Let's use the Xbox 360 and Xbox one in combination with your silly flops metric as an example shall we?
Most Xbox 360 games were around 720P, just like the Wii U.
The Xbox 360 has only 240 Gflop.
The Xbox One has 1.3 Teraflops, that's the equivalent of 5.5x Xbox 360's. - Is the Xbox One running games at 5.5x the resolution of the Xbox 360? NO. It's not, it struggles to achieve 1080P in a ton of titles.
Again, having Pascal instead of Maxwell in Tegra isn't a game changer, not to the same degree we saw on the Desktop, Tegra isnt going from 28nm to 16nm for starters, that limits what nVidia can do.
| Soundwave said: It's hard to gauge the Tegra X1 chip because as something that's only in Nvidia's Shield Console basically it has very little software support and no team was going to build a game specifically for it, the Shield's install base makes the Wii U look like the PS4. It's quite likely developers coding to the metal of the unit and actually putting effort into it could get a ton more out of it (look at what Vita devs have pushed a chip 1/14th of a Tegra X1 to). |
I do agree to an extent.

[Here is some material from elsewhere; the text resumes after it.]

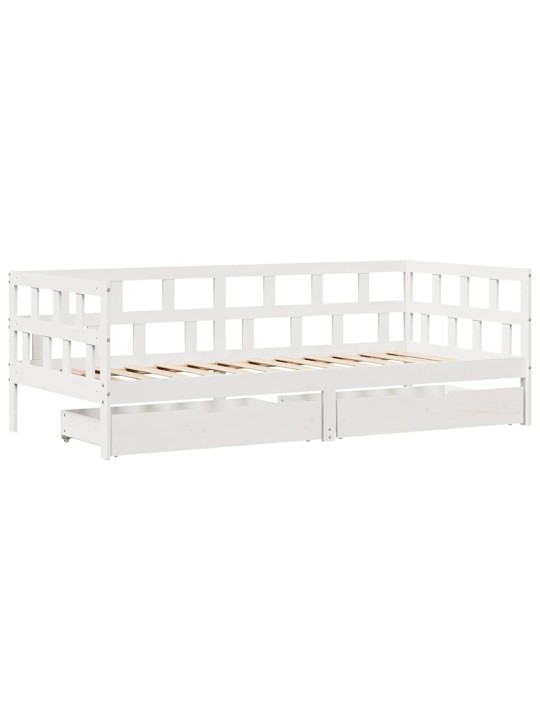 Válenda se zásuvkami bílá 80 x 200 cm masivní borovice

There is not much in the way of software built for Tegra that takes advantage of various nuances in the chip design.
But that isn't to say we don't have an *idea* of it's capabilities, there have been a few Unreal Engine 3 powered games ported over to Shield and the results were mixed, sure, it did pump up the resolution and framerate, but image quality was severely compromised as Tegra simply doesn't have the bandwidth and fillrate to keep pace with the bigger consoles... And that was on a last generation title. (Resident Evil 5.)
Vita games tend to look terrible to me by the way, they "hide" the graphics with substantual use/abuse of 2D sprites and pre-calculated lighting/shadowing/baked details to hide the devices shortcomings.
| Soundwave said: But Doom 3 BFG Edition on the X1 is one example of a port from PS3/360 that runs at full 1080P 60fps while the PS3/360 struggle to run the same game at 720p (PS3 version drops below 720p many times actually). So when programmed well for it can run 1080P 60 fps games even, just PS3/360 quality, but that is not an insignificant bump. |
Doom 3 is an old game, not a next-gen title pushing the hardware.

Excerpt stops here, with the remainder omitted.